The key itself – of the first movement, that is, the second and final movement moving to E-flat major – is unusual, even for Haydn. (It is difficult to imagine Mozart opting for it, save perhaps as a rare episode.) Its quiet dignity, at least as used here, was conveyed with a strange melancholy that put one in mind of the Sturm und Drang Haydn, albeit distilled. Whenever the rondo theme – yes, the first movement is a rondo – reached its Neapolitan moment, one felt the harmony’s historical roots in earlier eighteenth-century Naples, yet also knew its kinship with Haydn’s own double variations for piano in F minor/major and certain aspects of the musical future to come: to be, as it were, invented.
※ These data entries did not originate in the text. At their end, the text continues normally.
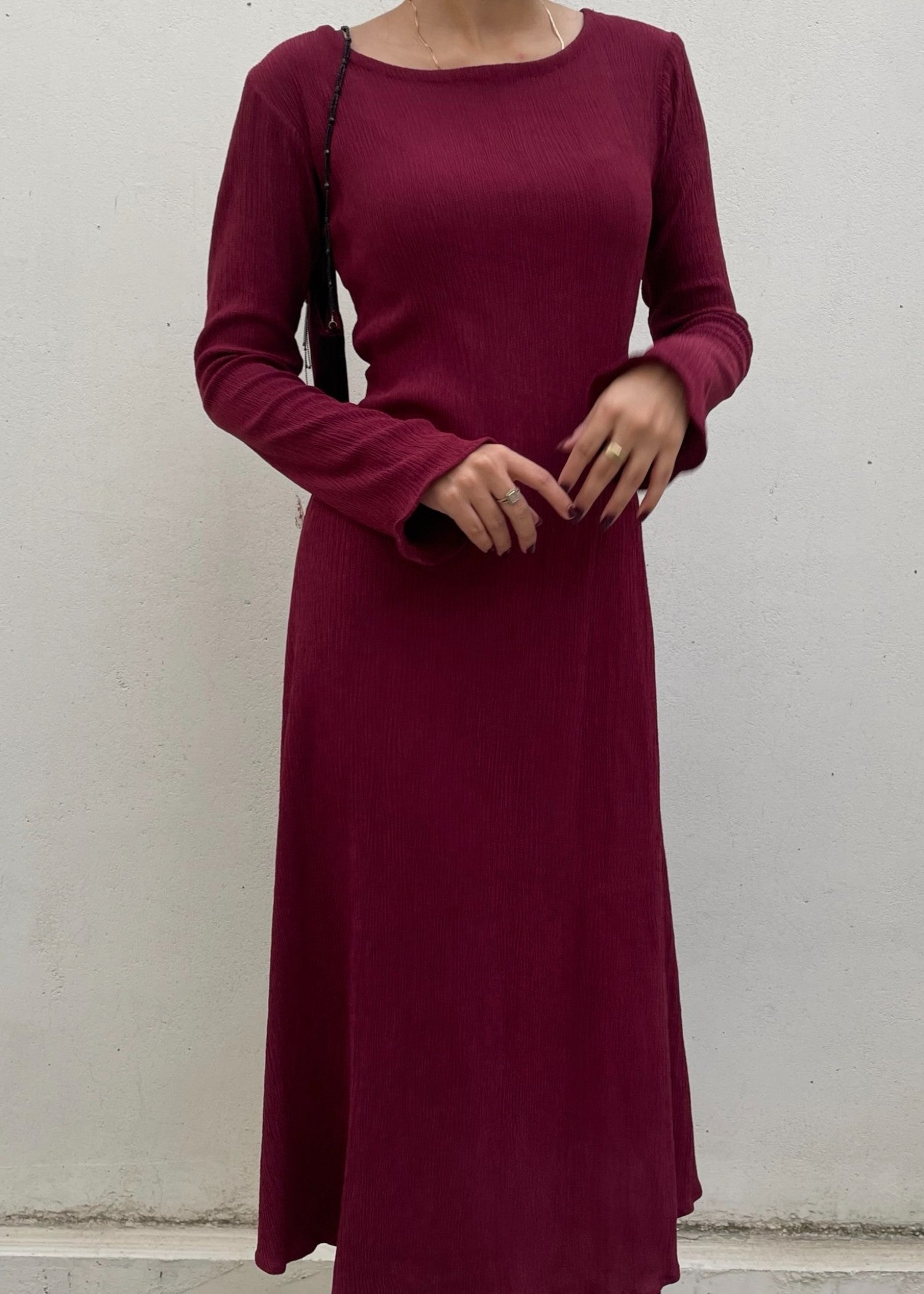 crepe georgette Dress in Burgundy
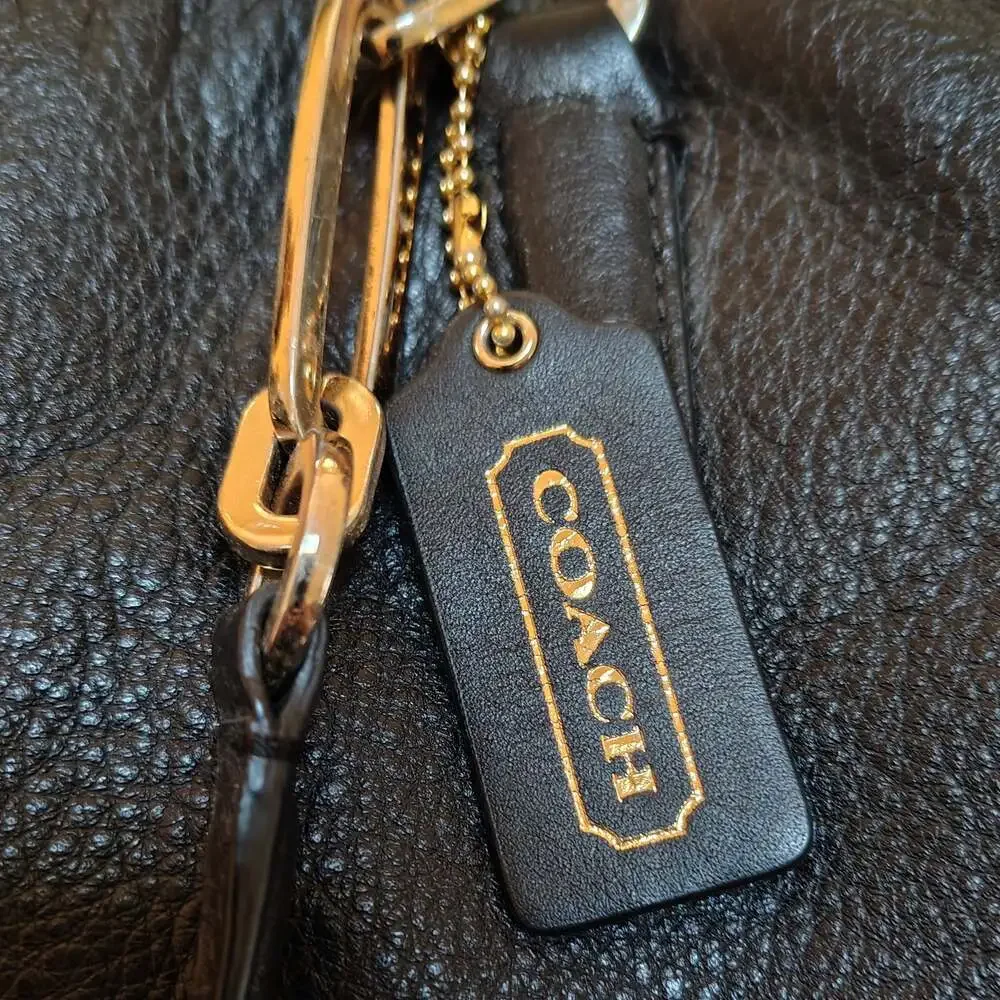 Vintage Coach Madison East West Tote 26769 Black Pebbled Leather Shoulder Bag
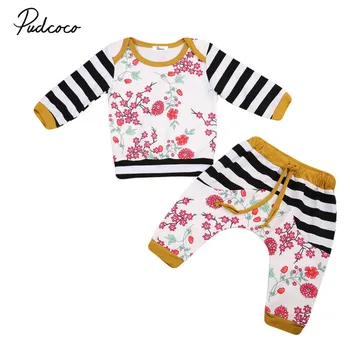 

Cute Toddler Baby Girls Autumn Warm Clothes Set 2Pcs Cotton Floral Outfits Striped Long Sleeve Top+Pants Kids Clothing Sets 0-2Y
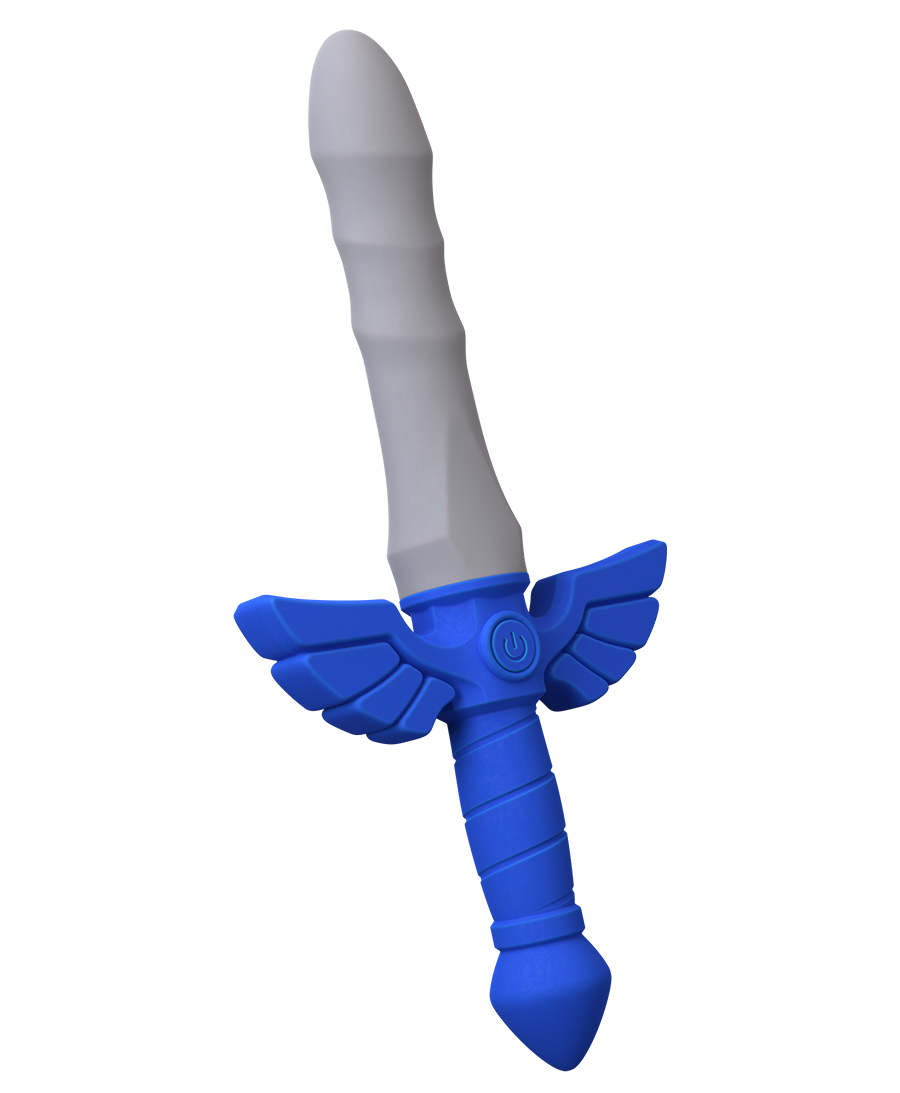 Close-up of the Master Vibe Sword Dildo shaft showing smooth gray silicone and blue wing texture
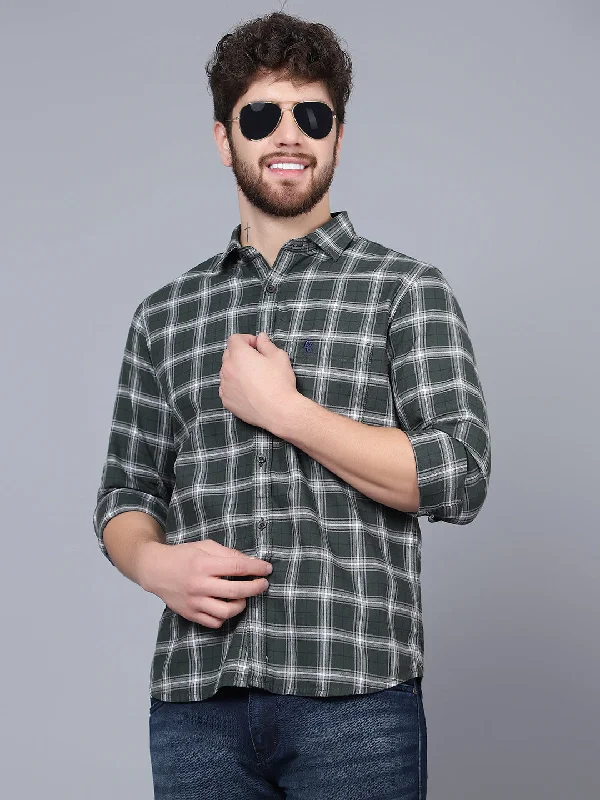 Limited Time Men's Olive Green Casual Medium Checks Full Sleeve Shirt
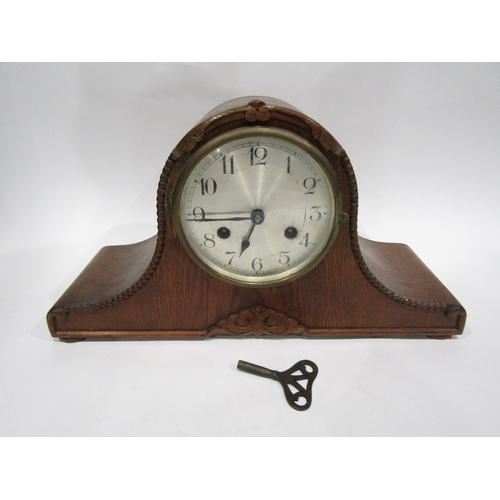 4037 - A Napoleon hat mantel clock with key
The B major episode proved especially striking, moving enharmonically down a major third, offering both in work and in performance a striking pre-sentiment of Schubert. (Yes, I remain enough of an historian to damn such forward-looking teleology in abstracto, but here in context…) Brighter, yet still in the shadow: there was a rightness here that brooked no response. Nor did the formal freedoms and ingenuities of the second movement, played, liked its predecessor, with string tone and style speaking very much of what we may probably still yet call the Franco-Flemish school. There was no need to exaggerate in lamentable contemporary ‘period’ fashion; Haydn can speak perfectly well for himself, whatever the art that conceals such performative art. In tonal journey and detailed interest alike, the Wanderer players commanded and held our attention.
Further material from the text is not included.